:: REQUIRED ACTION ::
From the line with "Morph Movies CD-ROM" through the line with "Mgaxyff DV Microphone,Professional", inclusive, return each line of the data below exactly and leave the rest out.

:: INPUT ::

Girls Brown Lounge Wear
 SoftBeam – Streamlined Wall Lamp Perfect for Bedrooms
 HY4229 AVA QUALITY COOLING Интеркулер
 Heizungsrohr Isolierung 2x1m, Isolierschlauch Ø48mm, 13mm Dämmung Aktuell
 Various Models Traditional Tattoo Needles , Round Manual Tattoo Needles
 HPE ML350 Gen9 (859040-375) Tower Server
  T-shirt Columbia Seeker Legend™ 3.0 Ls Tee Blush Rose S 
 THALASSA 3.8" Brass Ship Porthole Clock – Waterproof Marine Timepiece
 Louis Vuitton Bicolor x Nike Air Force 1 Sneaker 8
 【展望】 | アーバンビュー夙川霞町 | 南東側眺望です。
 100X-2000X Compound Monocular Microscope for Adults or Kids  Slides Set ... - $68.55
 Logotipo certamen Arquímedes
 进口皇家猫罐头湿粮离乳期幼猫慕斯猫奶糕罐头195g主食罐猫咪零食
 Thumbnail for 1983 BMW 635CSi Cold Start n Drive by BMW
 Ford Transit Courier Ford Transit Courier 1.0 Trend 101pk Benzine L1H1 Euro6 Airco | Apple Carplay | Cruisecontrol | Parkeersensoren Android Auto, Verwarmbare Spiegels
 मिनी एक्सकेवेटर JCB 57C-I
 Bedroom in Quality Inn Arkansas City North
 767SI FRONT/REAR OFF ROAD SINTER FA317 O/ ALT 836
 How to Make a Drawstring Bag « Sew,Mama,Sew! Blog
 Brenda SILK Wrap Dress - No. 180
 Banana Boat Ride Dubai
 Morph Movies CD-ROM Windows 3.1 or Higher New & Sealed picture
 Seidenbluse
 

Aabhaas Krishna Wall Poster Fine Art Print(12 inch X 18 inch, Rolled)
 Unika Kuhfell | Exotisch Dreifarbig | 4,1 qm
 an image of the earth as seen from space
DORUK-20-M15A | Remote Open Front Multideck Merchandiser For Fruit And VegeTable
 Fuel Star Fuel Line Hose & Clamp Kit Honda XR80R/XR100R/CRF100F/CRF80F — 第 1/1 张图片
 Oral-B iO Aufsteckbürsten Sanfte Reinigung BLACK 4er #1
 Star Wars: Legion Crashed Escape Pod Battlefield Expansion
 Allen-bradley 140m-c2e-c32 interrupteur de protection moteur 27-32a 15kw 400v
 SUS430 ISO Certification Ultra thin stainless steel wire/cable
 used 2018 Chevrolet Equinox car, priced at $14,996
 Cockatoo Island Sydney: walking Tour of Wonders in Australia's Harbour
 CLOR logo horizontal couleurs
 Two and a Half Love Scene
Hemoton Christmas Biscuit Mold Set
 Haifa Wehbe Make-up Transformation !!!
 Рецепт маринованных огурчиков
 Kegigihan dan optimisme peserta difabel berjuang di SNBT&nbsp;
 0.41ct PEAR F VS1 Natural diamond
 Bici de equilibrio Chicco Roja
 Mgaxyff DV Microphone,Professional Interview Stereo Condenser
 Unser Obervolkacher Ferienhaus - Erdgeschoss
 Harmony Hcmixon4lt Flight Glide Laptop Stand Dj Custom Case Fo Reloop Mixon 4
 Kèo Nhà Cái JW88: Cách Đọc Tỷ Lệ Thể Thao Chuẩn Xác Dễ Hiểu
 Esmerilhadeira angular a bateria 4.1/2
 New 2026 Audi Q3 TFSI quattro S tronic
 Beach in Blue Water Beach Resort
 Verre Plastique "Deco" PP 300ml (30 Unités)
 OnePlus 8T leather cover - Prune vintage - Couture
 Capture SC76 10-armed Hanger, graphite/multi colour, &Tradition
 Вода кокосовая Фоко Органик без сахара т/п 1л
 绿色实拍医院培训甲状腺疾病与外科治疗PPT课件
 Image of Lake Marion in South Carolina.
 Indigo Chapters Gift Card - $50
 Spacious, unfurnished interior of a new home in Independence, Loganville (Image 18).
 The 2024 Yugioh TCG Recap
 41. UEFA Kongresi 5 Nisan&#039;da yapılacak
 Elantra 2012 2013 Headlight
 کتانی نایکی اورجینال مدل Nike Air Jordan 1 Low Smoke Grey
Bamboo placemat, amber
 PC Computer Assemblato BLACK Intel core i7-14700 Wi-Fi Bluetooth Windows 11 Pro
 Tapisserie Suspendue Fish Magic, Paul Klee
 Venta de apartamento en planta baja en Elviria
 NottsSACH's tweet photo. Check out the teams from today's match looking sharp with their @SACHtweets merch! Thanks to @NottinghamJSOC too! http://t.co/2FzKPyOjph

:: SOLUTION FOR THIS TASK ::
 Morph Movies CD-ROM Windows 3.1 or Higher New & Sealed picture
 Seidenbluse
 

Aabhaas Krishna Wall Poster Fine Art Print(12 inch X 18 inch, Rolled)
 Unika Kuhfell | Exotisch Dreifarbig | 4,1 qm
 an image of the earth as seen from space
DORUK-20-M15A | Remote Open Front Multideck Merchandiser For Fruit And VegeTable
 Fuel Star Fuel Line Hose & Clamp Kit Honda XR80R/XR100R/CRF100F/CRF80F — 第 1/1 张图片
 Oral-B iO Aufsteckbürsten Sanfte Reinigung BLACK 4er #1
 Star Wars: Legion Crashed Escape Pod Battlefield Expansion
 Allen-bradley 140m-c2e-c32 interrupteur de protection moteur 27-32a 15kw 400v
 SUS430 ISO Certification Ultra thin stainless steel wire/cable
 used 2018 Chevrolet Equinox car, priced at $14,996
 Cockatoo Island Sydney: walking Tour of Wonders in Australia's Harbour
 CLOR logo horizontal couleurs
 Two and a Half Love Scene
Hemoton Christmas Biscuit Mold Set
 Haifa Wehbe Make-up Transformation !!!
 Рецепт маринованных огурчиков
 Kegigihan dan optimisme peserta difabel berjuang di SNBT&nbsp;
 0.41ct PEAR F VS1 Natural diamond
 Bici de equilibrio Chicco Roja
 Mgaxyff DV Microphone,Professional Interview Stereo Condenser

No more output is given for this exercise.